Uttaradhikar, Day 2: Saniya Patankar and S Karuna Devi Hit the High Notes with Moving Performances

NEW DELHI:
Harmonious, complex and rare raagas of Hindustani classical music rendered by Saniya Patankar and the stories told by S Karuna Devi through graceful movements of the resplendent Manipuri dance took audiences on an evocative journey on the second day of Raza Foundation’s Uttaradhikar festival.
The Pune-based singer began her concert with the raag Lalita Gauri, an evening raag from the Jai-pur Atrauli Gharana. Based on the bandish Pritam Saiyaa, Patankar’s voice glided up and down the octaves at lightning speed.
Uttaradhikar, organised annually by the Raza Foundation, celebrates eminent gurus of Indian classical art forms, who select one of their disciples to perform at the festival. In keeping with this Guru-Shishya parampara, Patankar chose the traditional Lalita Gauri, a raag she learnt from her guru Dr. Ashwini Bhide Deshpande, for her concert.
“Uttaradhikar is a great performance space. My guru’s instruction has been to take into consideration the parampara, while simultaneously voicing my own thoughts through my compositions,” said Patankar, who has taken rigorous taalim of 14 years from Dr. Deshpande, and used to travel weekly from Pune to Mumbai for her musical training.
Patankar, who has to her credit 32 solo concerts in the United States and a music workshop at the University of Michigan, followed up raag Lalita Gauri with the drut bandish Devi Durge Bhavani in raag Gauri and a sargam geet. Her command on rhythm as well as complex taan patterns and sargam geet made for an intense classical music experience. Thereafter, a bandish in the rare raag Khokhar kept audiences in thrall. Patankar ended her recital with a tappa composition in raag Kaafi.

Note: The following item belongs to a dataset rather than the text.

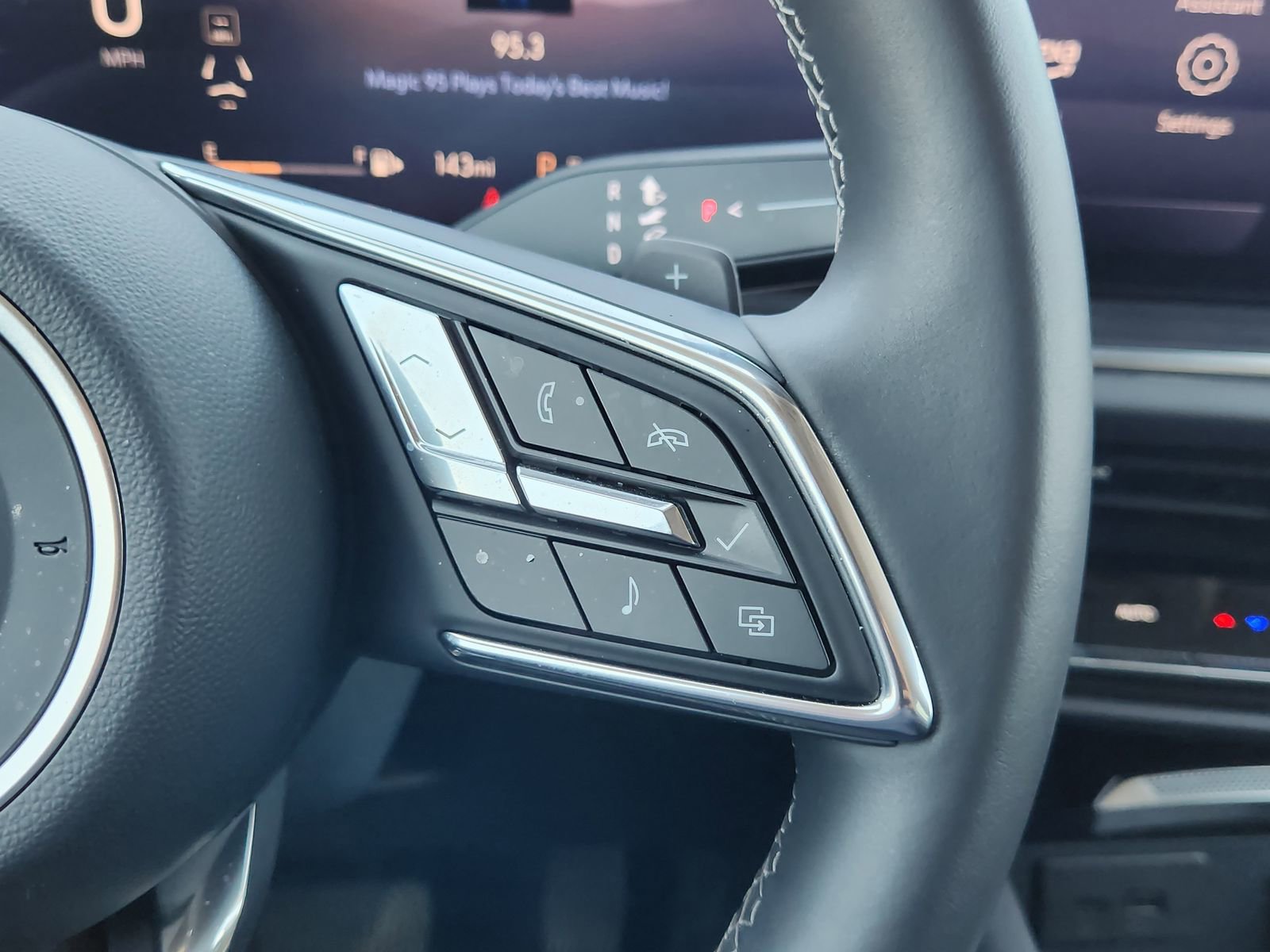 New 2025 Buick Envision Preferred image 33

The second leg of the concert featured Manipuri dance by Kolkata-based S Karuna Devi, a disciple of Manipuri dance exponent Priti Patel. What helped Devi’s recital stand out at first glance was her attire. The Krishna costume or Natabara Vesha for her first dance piece was both regal and dramatic. She donned the dhoti and angavastra for her second piece, while the traditional Manipuri phanek was her garment of choice for the concluding choreography.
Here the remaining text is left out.